AMD FirePro V8800 2GB

Written by Michael Larabel in Graphics Cards on 12 April 2010 at 02:00 AM EDT. Page 1 of 7. 16 Comments.

Last week AMD launched the FirePro V8800, which is their first workstation graphics card derived from an ATI Evergreen graphics processor and designed to be a step-up from the previously reviewed FirePro V8700 and FirePro V8750. The AMD FirePro V8800 features 2GB of GDDR5 video memory with 147.2 GB/s of bandwidth, 1600 Stream processors, four DisplayPort outputs, ATI Eyefinity support, DirectX 11.0 / OpenGL 4.0 support, OpenCL 1.0 capable, a full 30-bit display pipeline, Multi-View display support, and much. We have now carried out our Linux testing of this new ultra high-end workstation graphics card and have the results to share this morning.

The FirePro V8800 is just the first of the Evergreen-based workstation graphics cards that AMD will be launching over the coming months, but this is their new ultra high-end offering that was introduced last week (pardon that this review was not published on launch-day, due to touring Chernobyl).
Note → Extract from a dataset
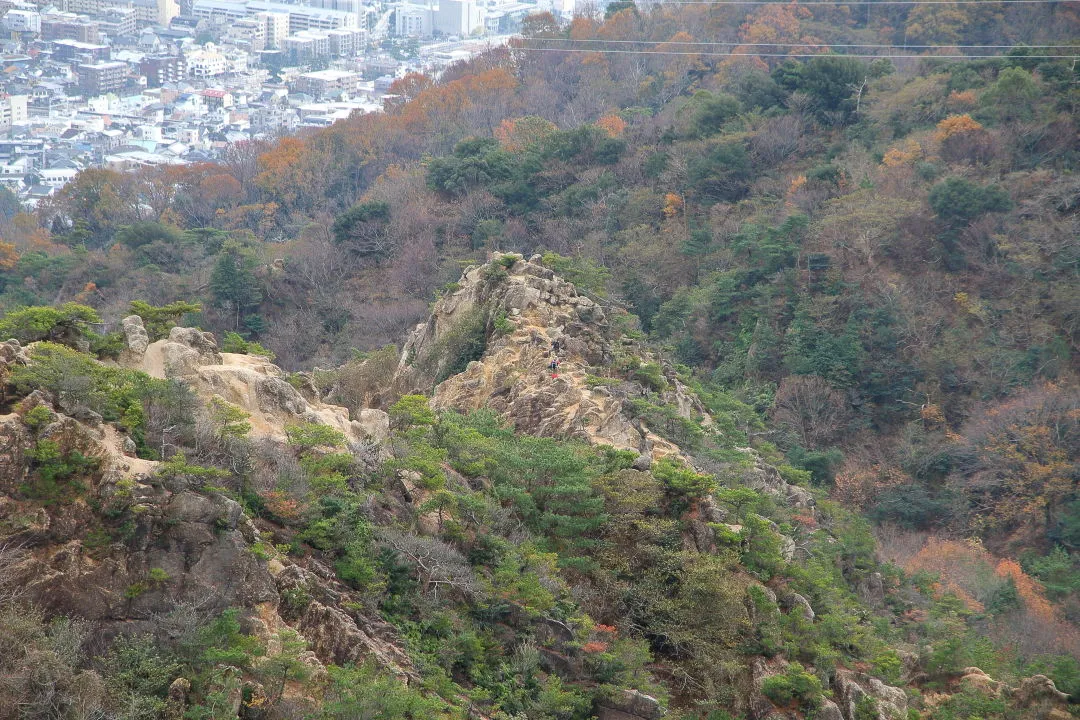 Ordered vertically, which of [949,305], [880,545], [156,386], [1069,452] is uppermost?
[156,386]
Besides doubling the number of Stream processors and bringing Eyefinity and OpenGL 4.0 to the workstation arena and other features derived from the Evergreen GPU, the clock speeds are also higher than with the previous generation FireGL/FirePro cards. The RV870 core is clocked at 825MHz while the 2GB GDDR5 memory is operating at 1150MHz. This is in comparison to the FirePro V8700 that operated at 750/850MHz or the V8750 that upped the memory clock to 900MHz. The now much older FireGL V8600 ran at 688/868MHz. The FirePro V8800 is also built off a 40nm manufacturing process where the older FirePro V8700/V8750 GPU was on a 55nm process. AMD submitted the FirePro V8800 to Phoronix as a test sample.

AMD's FirePro V8800 is noticeably larger than the V8700 series hardware, but it is not quite as big as the massive FireGL V8600 graphics card. There is a matte black shroud covering the heatsink of this graphics card. In fact, the heatsink runs the entire length of the graphics cards PCB. The fan on this GPU heatsink is about the same size as the V8700/8750 cards and we found it to operate at roughly the same noise level.